Bias Variance Noise trade off
- The machine learning models
- The dataset model
- The dataset model again
- The expected label (target)
- Hypothesis $h_D$
- Expected test error (given $h_D$)
- Expected hypothesis (given $\mathcal A$):
- Expected test error (given $\mathcal A$)
- Decomposition of the expected test error
- Final Formula
- Model complexity trade off
- Intuition on bias and variance
One of the most important formula in statistics and machine learning is bias variance trade off. It actually generalize to Bias, Variance Noise trade off here I will show how.
Engineering job is to find the equilibrium of these three, since intuitively if you make one of them smaller, the other two usually get bigger.
The following analysis will track one regression problem and explain the decomposition of the expected test error from the probabilistic approach.
The machine learning models
According to No Free Lunch Theorem every successful machine learning algorithm must make assumptions about the model.
In other words there is no single machine learning algorithm that works for all machine learning problems.
We write particular algorithm $h$ is a hypothesis drawn from a hypothesis class $\mathcal H$.
The dataset model
Let’s have a multivariate random variable or random vector $X$ and a target random variable $Y$.
The joint distribution of $X$ and $Y$ is also a random variable $D \sim P(X,Y)$.
We draw concrete dataset $\mathcal D$ from sample space with $n$ rows from $P(X,Y)^n$
The domain of random variable is called a sample space. This is a set of all possible outcomes, let’s define that.
The dataset model again
Let’s have the same dataset:
where:
- $y \in \mathbb{R}$ is our target or label
- $\boldsymbol{x} \in \mathbb{R}^d$ is our features vector ( $d$ columns)
- training dataset has $n$ inputs (rows)
$\mathbb R^d$ is the $d$-dimensional feature space, generally it may not be $\mathbb R$, but in here this is our simplified assumption.
We tackle a typical regression problem with MSE but the idea can generalize.

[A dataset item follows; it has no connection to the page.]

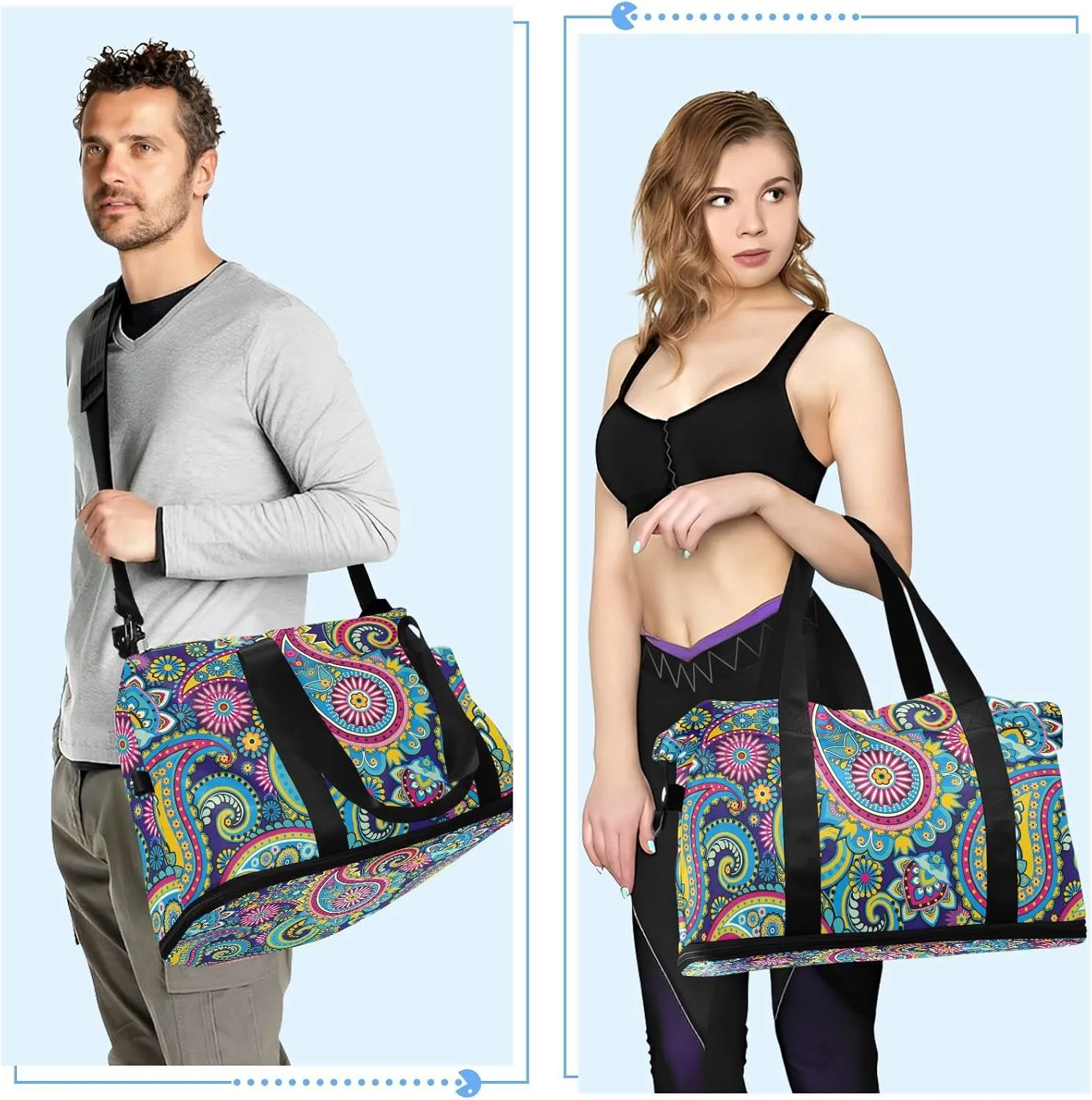 Traditional Ancient Asian Elements Paisley Floral Flowers Gym Duffel Bag, Polyester Travel Weekender Luggage Handbag with Waterproof Pocket for Wet Items, Unisex Foldable Tote for Sports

Specific quirk is assuming there is just a single realization $\mathcal D$ of a random variable $D$. Even though I can draw infinitely meany datasets $\mathcal D$ from $D$. For simplicity I will just write $D$ from now on. I need $D$ to be at the same time random variable (to estimate the first moment) and to be concrete dataset I work on.
The expected label (target)
If we are selling cars, there may be two exact cars, with the same equipment, but the target price may differ.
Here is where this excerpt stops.